There’s no such thing as a perfect parent. Even the most loving and caring parents will have their shortcomings. Those shortcomings will inevitably affect your child, but they won’t actively harm your child unless you fail to learn from those mistakes. Sometimes being yourself is good enough. Sometimes your efforts aren’t enough, and you need to step it up. As long as you are trying, acknowledging your mistakes, and willing to grow–you can be good enough.

4. At what age does parenting get easier?

Some find that parenting is easier during the ages of six and eight. During these years, kids are better at communicating, which helps you bond with them better. They are also easier to care for because you don’t have to worry about them getting into dangerous situations (like crawling into the street). For some parents, parenting doesn’t get easier. People often describe it in this way: “Parenting doesn’t get easier, it just gets different.” That said, parenting is a lot easier when you don’t have a ‘us vs. them kids’ mentality.


5. What is the hardest period of parenting?
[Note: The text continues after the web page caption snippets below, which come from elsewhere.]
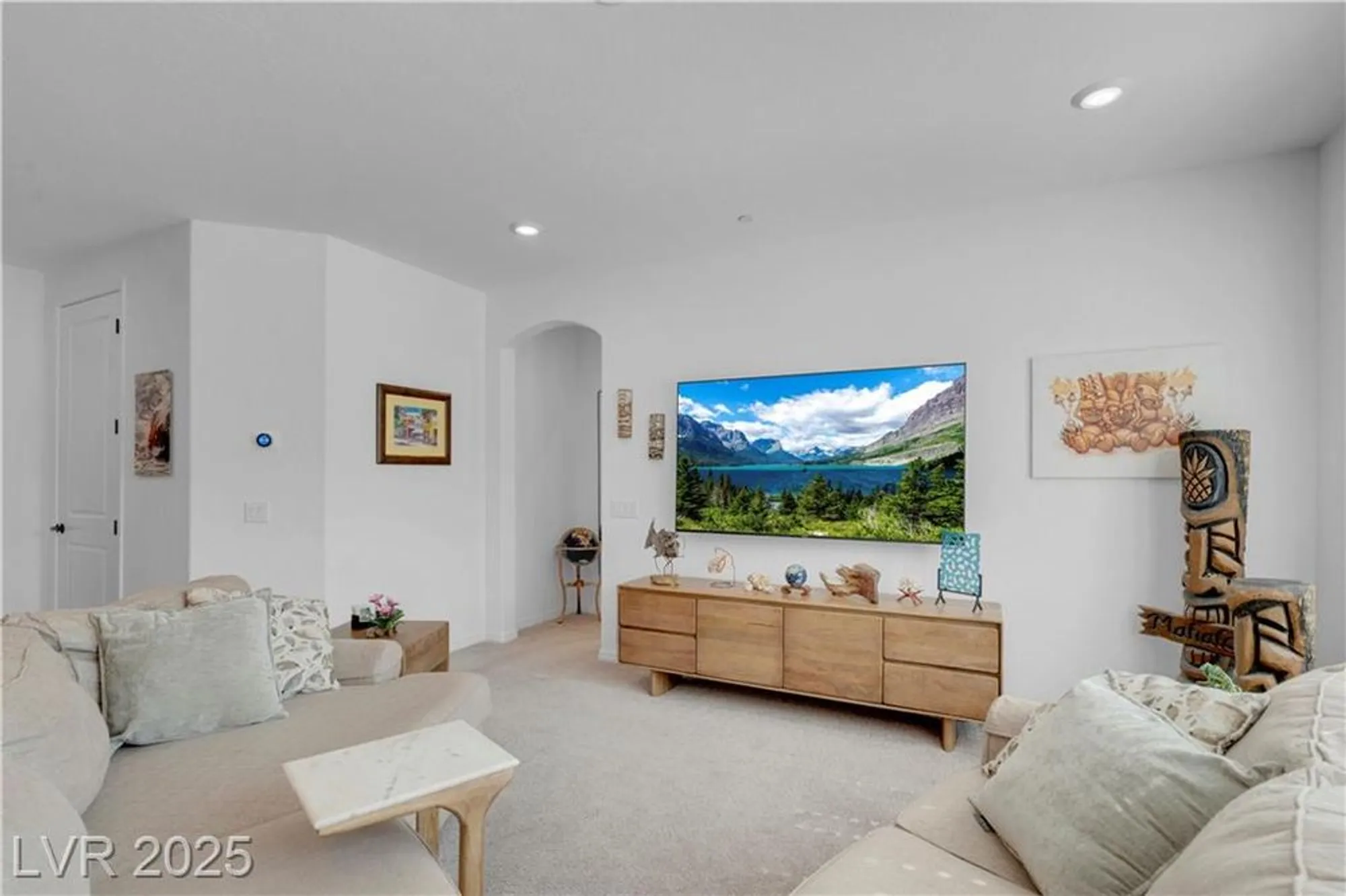 Property Slideshow image 8 of 69 | 124 lake oasis st, Henderson, NV, 89011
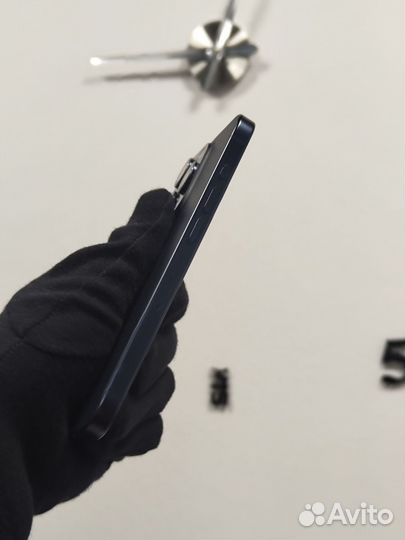 iPhone 15 Pro, 128 ГБ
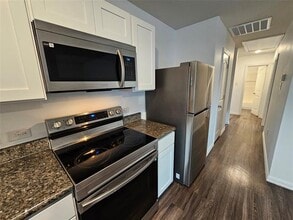 Building Photo - 5113 Avenue G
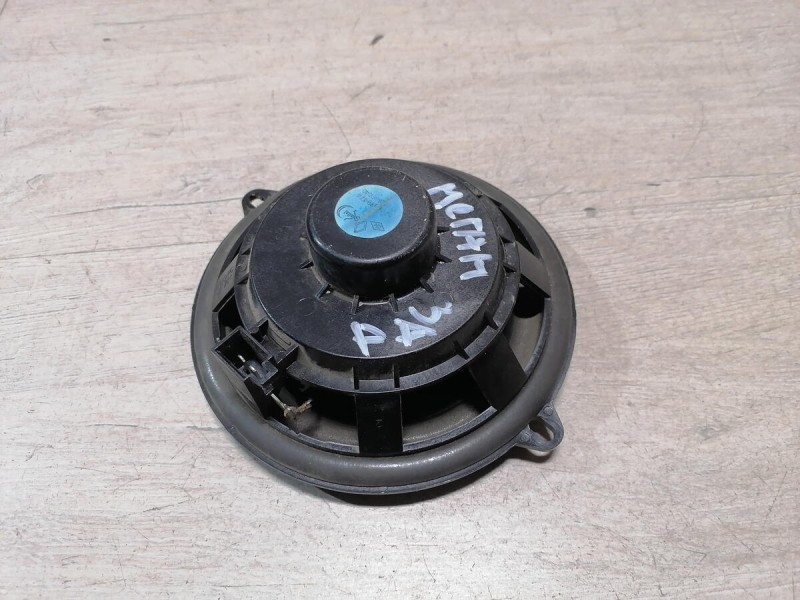 Megane 2 динамик в дверь задний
Many would argue that the teen years are the hardest for parents and children alike. During the younger ages, parenting is more focused on the physical needs of a child in comparison to emotional needs. In the teen years, children can voice their physical needs and even care for themselves. However, parents have to care for their child’s emotional needs more diligently, and this is why parenting can be a lot harder during those years.



Takeaway from Sheasmother


There is often discourse over what the ‘correct’ way of parenting is. With time, many learn that there can never be only one acceptable way of caring for children. Different cultures, experiences, personalities, identities, and knowledge all influence the way children are raised.


This isn’t necessarily a bad thing. Learning about different parenting styles can help expand your existing methods, and respect other parents and their methods.